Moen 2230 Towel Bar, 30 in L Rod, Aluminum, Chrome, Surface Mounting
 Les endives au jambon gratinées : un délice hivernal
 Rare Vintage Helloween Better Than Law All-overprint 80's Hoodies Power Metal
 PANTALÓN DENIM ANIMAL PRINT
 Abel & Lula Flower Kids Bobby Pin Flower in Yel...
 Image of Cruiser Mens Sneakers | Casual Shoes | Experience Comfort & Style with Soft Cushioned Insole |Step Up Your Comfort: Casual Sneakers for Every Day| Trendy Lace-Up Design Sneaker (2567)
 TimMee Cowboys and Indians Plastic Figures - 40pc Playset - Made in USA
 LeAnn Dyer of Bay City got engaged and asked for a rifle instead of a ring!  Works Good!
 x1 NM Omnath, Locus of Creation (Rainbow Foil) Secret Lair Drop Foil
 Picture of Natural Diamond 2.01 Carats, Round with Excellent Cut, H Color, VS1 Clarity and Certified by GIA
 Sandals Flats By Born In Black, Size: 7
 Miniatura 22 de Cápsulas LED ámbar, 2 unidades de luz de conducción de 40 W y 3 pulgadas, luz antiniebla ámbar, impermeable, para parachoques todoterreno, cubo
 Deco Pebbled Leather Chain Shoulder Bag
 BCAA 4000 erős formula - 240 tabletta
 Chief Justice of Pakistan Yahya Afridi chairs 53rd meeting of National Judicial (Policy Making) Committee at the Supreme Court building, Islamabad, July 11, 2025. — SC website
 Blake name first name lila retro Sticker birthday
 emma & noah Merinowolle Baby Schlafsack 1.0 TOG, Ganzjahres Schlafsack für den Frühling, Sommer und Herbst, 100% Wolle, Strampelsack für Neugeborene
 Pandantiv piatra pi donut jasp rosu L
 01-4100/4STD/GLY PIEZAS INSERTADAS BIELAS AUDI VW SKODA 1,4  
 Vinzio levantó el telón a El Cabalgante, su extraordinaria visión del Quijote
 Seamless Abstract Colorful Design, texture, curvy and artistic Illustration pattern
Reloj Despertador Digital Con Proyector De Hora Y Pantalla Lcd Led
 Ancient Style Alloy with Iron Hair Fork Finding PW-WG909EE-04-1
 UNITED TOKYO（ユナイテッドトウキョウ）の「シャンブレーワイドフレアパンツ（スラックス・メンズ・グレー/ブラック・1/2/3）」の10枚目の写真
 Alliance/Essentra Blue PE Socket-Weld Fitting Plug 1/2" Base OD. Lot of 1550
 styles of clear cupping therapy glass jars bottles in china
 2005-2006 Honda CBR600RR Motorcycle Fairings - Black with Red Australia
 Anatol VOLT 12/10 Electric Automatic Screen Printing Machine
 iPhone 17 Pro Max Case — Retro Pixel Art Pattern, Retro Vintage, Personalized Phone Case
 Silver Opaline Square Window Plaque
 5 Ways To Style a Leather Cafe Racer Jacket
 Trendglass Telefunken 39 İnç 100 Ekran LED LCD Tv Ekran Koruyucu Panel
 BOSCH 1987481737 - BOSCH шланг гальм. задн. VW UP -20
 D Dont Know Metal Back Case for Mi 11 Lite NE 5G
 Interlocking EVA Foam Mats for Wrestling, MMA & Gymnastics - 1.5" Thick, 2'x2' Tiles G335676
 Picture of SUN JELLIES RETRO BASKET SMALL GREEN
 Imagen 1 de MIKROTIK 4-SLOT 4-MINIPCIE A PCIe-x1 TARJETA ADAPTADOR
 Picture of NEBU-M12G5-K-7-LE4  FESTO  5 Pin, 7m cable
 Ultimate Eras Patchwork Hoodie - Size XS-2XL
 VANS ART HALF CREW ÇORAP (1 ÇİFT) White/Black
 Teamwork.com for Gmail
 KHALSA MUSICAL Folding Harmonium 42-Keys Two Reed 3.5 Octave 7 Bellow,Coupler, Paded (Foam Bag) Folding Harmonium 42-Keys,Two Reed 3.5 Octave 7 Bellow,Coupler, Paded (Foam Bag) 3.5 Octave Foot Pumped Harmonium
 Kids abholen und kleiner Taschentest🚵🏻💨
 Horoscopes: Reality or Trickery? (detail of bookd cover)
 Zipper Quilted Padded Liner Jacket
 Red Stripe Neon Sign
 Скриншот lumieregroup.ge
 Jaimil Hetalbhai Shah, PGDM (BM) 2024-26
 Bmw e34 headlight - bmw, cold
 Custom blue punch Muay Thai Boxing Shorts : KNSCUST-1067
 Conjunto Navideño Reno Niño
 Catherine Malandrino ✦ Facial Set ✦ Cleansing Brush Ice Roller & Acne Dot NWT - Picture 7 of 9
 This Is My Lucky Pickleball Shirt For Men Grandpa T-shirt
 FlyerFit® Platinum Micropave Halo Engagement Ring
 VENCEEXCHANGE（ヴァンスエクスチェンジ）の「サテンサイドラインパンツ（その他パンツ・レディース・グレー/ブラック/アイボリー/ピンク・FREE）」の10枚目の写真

» Assignment
Could you restate the records above word for word?

» Solution to the exercise
Moen 2230 Towel Bar, 30 in L Rod, Aluminum, Chrome, Surface Mounting
 Les endives au jambon gratinées : un délice hivernal
 Rare Vintage Helloween Better Than Law All-overprint 80's Hoodies Power Metal
 PANTALÓN DENIM ANIMAL PRINT
 Abel & Lula Flower Kids Bobby Pin Flower in Yel...
 Image of Cruiser Mens Sneakers | Casual Shoes | Experience Comfort & Style with Soft Cushioned Insole |Step Up Your Comfort: Casual Sneakers for Every Day| Trendy Lace-Up Design Sneaker (2567)
 TimMee Cowboys and Indians Plastic Figures - 40pc Playset - Made in USA
 LeAnn Dyer of Bay City got engaged and asked for a rifle instead of a ring!  Works Good!
 x1 NM Omnath, Locus of Creation (Rainbow Foil) Secret Lair Drop Foil
 Picture of Natural Diamond 2.01 Carats, Round with Excellent Cut, H Color, VS1 Clarity and Certified by GIA
 Sandals Flats By Born In Black, Size: 7
 Miniatura 22 de Cápsulas LED ámbar, 2 unidades de luz de conducción de 40 W y 3 pulgadas, luz antiniebla ámbar, impermeable, para parachoques todoterreno, cubo
 Deco Pebbled Leather Chain Shoulder Bag
 BCAA 4000 erős formula - 240 tabletta
 Chief Justice of Pakistan Yahya Afridi chairs 53rd meeting of National Judicial (Policy Making) Committee at the Supreme Court building, Islamabad, July 11, 2025. — SC website
 Blake name first name lila retro Sticker birthday
 emma & noah Merinowolle Baby Schlafsack 1.0 TOG, Ganzjahres Schlafsack für den Frühling, Sommer und Herbst, 100% Wolle, Strampelsack für Neugeborene
 Pandantiv piatra pi donut jasp rosu L
 01-4100/4STD/GLY PIEZAS INSERTADAS BIELAS AUDI VW SKODA 1,4  
 Vinzio levantó el telón a El Cabalgante, su extraordinaria visión del Quijote
 Seamless Abstract Colorful Design, texture, curvy and artistic Illustration pattern
Reloj Despertador Digital Con Proyector De Hora Y Pantalla Lcd Led
 Ancient Style Alloy with Iron Hair Fork Finding PW-WG909EE-04-1
 UNITED TOKYO（ユナイテッドトウキョウ）の「シャンブレーワイドフレアパンツ（スラックス・メンズ・グレー/ブラック・1/2/3）」の10枚目の写真
 Alliance/Essentra Blue PE Socket-Weld Fitting Plug 1/2" Base OD. Lot of 1550
 styles of clear cupping therapy glass jars bottles in china
 2005-2006 Honda CBR600RR Motorcycle Fairings - Black with Red Australia
 Anatol VOLT 12/10 Electric Automatic Screen Printing Machine
 iPhone 17 Pro Max Case — Retro Pixel Art Pattern, Retro Vintage, Personalized Phone Case
 Silver Opaline Square Window Plaque
 5 Ways To Style a Leather Cafe Racer Jacket
 Trendglass Telefunken 39 İnç 100 Ekran LED LCD Tv Ekran Koruyucu Panel
 BOSCH 1987481737 - BOSCH шланг гальм. задн. VW UP -20
 D Dont Know Metal Back Case for Mi 11 Lite NE 5G
 Interlocking EVA Foam Mats for Wrestling, MMA & Gymnastics - 1.5" Thick, 2'x2' Tiles G335676
 Picture of SUN JELLIES RETRO BASKET SMALL GREEN
 Imagen 1 de MIKROTIK 4-SLOT 4-MINIPCIE A PCIe-x1 TARJETA ADAPTADOR
 Picture of NEBU-M12G5-K-7-LE4  FESTO  5 Pin, 7m cable
 Ultimate Eras Patchwork Hoodie - Size XS-2XL
 VANS ART HALF CREW ÇORAP (1 ÇİFT) White/Black
 Teamwork.com for Gmail
 KHALSA MUSICAL Folding Harmonium 42-Keys Two Reed 3.5 Octave 7 Bellow,Coupler, Paded (Foam Bag) Folding Harmonium 42-Keys,Two Reed 3.5 Octave 7 Bellow,Coupler, Paded (Foam Bag) 3.5 Octave Foot Pumped Harmonium
 Kids abholen und kleiner Taschentest🚵🏻💨
 Horoscopes: Reality or Trickery? (detail of bookd cover)
 Zipper Quilted Padded Liner Jacket
 Red Stripe Neon Sign
 Скриншот lumieregroup.ge
 Jaimil Hetalbhai Shah, PGDM (BM) 2024-26
 Bmw e34 headlight - bmw, cold
 Custom blue punch Muay Thai Boxing Shorts : KNSCUST-1067
 Conjunto Navideño Reno Niño
 Catherine Malandrino ✦ Facial Set ✦ Cleansing Brush Ice Roller & Acne Dot NWT - Picture 7 of 9
 This Is My Lucky Pickleball Shirt For Men Grandpa T-shirt
 FlyerFit® Platinum Micropave Halo Engagement Ring
 VENCEEXCHANGE（ヴァンスエクスチェンジ）の「サテンサイドラインパンツ（その他パンツ・レディース・グレー/ブラック/アイボリー/ピンク・FREE）」の10枚目の写真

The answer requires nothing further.